2015 07 10 1727

AWA、LINE MUSIC、Apple Musicと、日本でも立て続けに定額制の音楽配信サービスが始まりました。一人当たりの月額は1,000円程度で音楽が聴き放題になるというサービスですが、アーティストへの分配がどのくらいなのか気になっていたところ、音楽アーティストが得る収入は、1再生あたり0.16円。クローズアップ現代「配信ビジネスで問われる創作の価値」を見て。という記事がありました。

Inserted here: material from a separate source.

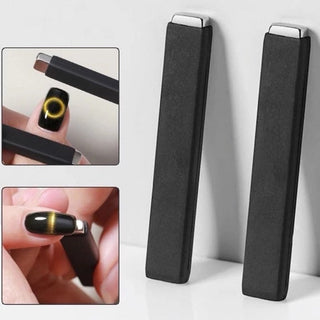 Black Rubber Coated Bar Magnet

アーティストが得る収入は? 1再生あたり0.16円。

日本ではまだサービスを開始していないSpotifyが公開しているデータを元に、京都精華大学講師の榎本幹朗氏が試算したものだそうです。

CDアルバムでは1曲あたり8.48円(アルバム110円)、ダウンロード1曲あたり16.6円という数字も試算されています。

一見すると非常に安い数字です。

1万回再生 1,600円
10万回再生 16,000円
100万回再生 160,000円

なんだか気の遠くなる数字です。可能性は感じるのですが、多くのアーティストが楽曲販売で生活していくのは難しい気がします。そもそものビジネスモデルというか、音楽業界の構造が変わってしまったことを感じます。

番組に出演したピーターバラカン氏の「CDの価格が高くなった」「安価なCDシングルがなくなった」といった事情から、若者にCDが売れなくなったという声も紹介されていますが、最近は夏フェスなどに足を運ぶ人は増えてますよね。

音楽ストリーミングサービスというのはプロモーションの場で、実際のライブやファングッズといった物販で稼ぐというのが、これからの音楽業界のあり方となるのでしょうか。

ただ、Amazon Kindleも一部の売れている本と売れないその他の多くの本という話も目にしますから、音楽ストリーミングサービスで探し出して貰う、ということにも力が置かれなければならず、ただ良い曲を作ればいいというアーティストのあり方も変わってくる気がします。そこをアーティスト本人が担うのでしょうか、それともレコード会社の広報が担ってくれるのでしょうか。担えるのでしょうか? レコード会社のあり方も変わるような気がします。

1回あたりの金額が著しく安くなっていくというのは、ウェブ業界にも通じるものを感じました。1PVあたり0.1円や0.2円というような。そういったこともあって、例えばブロガーの間にアフィリエイトブームが再来しているのでしょうね。